The right mental model for CDSE is that it is a foundation, not a ceiling. It handles the compliance layer. Everything above that layer (technical depth, industry credentials, awareness for the non cleared workforce, hands on practice) is where other platforms earn their place. You do not replace CDSE. You build on top of it.
Frequently Asked Questions About CDSE Alternatives
What is the best alternative to CDSE for private sector companies?
For private sector security awareness at scale, KnowBe4 is the most common choice because it handles phishing simulations, awareness videos, and reporting in one platform. For compliance heavy industries with European operations, Skillcast is often a better fit. Neither offers the DoD specific policy content that CDSE does.
Can I use CDSE training if I do not work for the government?

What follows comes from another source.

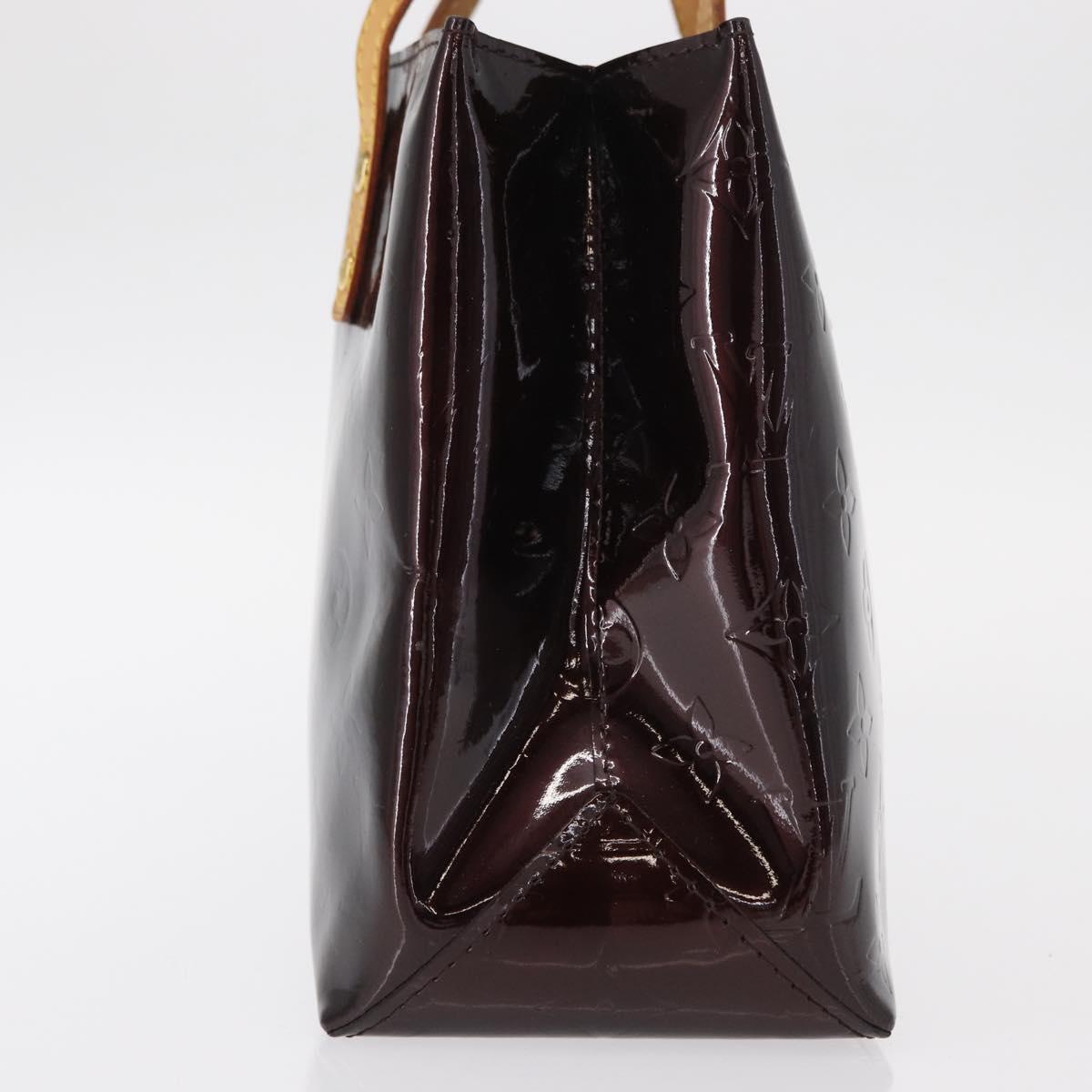 LOUIS VUITTON Monogram Vernis Reade PM Hand Bag Amarante M91993 LV Auth ka599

Yes. CDSE courses are free and open to anyone who registers for a STEPP account. That said, most courses assume a government or cleared contractor context and reference federal policy, so the content is most useful if your work touches the defense or federal space in some way.
Does CDSE offer industry recognized certifications?

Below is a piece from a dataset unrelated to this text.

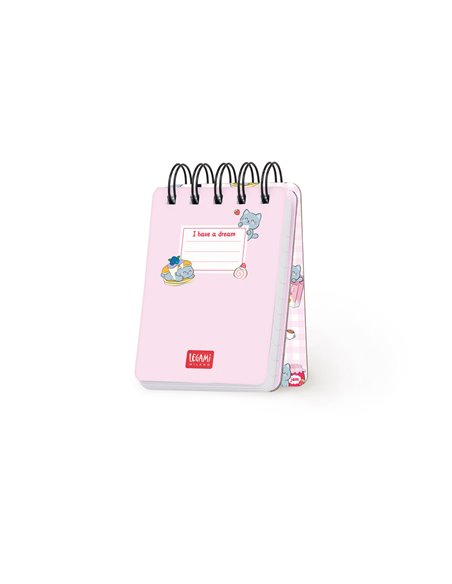 Cahier Ligné à Couverture Rigide Illustrée - Kitty - Bloc-mémo - Avec Spirale - Legami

No. CDSE issues course completion certificates and some credential programs for security professionals in federal roles, but these are not industry certifications on the level of CompTIA Security+, CISSP, or the ISACA credentials. For DoD 8140 baseline requirements or commercial job market credibility, you need one of those industry certs.
What platform is similar to CDSE for hands on cybersecurity skills?
Hack The Box is the most widely used platform for hands on offensive and defensive practice. Immersive Labs works well for team level cyber readiness drills. Neither maps to CDSE’s policy or compliance content, but they cover the technical practice gap CDSE does not.
Is KnowBe4 a good replacement for CDSE?
For general workforce security awareness and phishing training, yes. For DoD specific training like derivative classification, insider threat for cleared personnel, or NISPOM compliance, no. KnowBe4 is built for commercial awareness programs, not federal policy requirements, so cleared organizations usually run both.
What is the difference between CDSE and commercial cybersecurity training platforms?
CDSE is free, government run, and built around DoD and federal security policy. Commercial platforms charge subscription fees, serve a broader audience, and focus on areas CDSE does not cover deeply, including phishing simulations, hands on technical labs, and industry certification prep. Most cleared organizations use CDSE for compliance training and a commercial platform for everything else.
Do CDSE courses count toward DoD 8140 certification requirements?
No. DoD 8140 requires specific industry certifications (CompTIA Security+, CISSP, CISM, and others) for defined work roles. CDSE training supports role performance and policy understanding, but it does not satisfy the 8140 certification baseline on its own.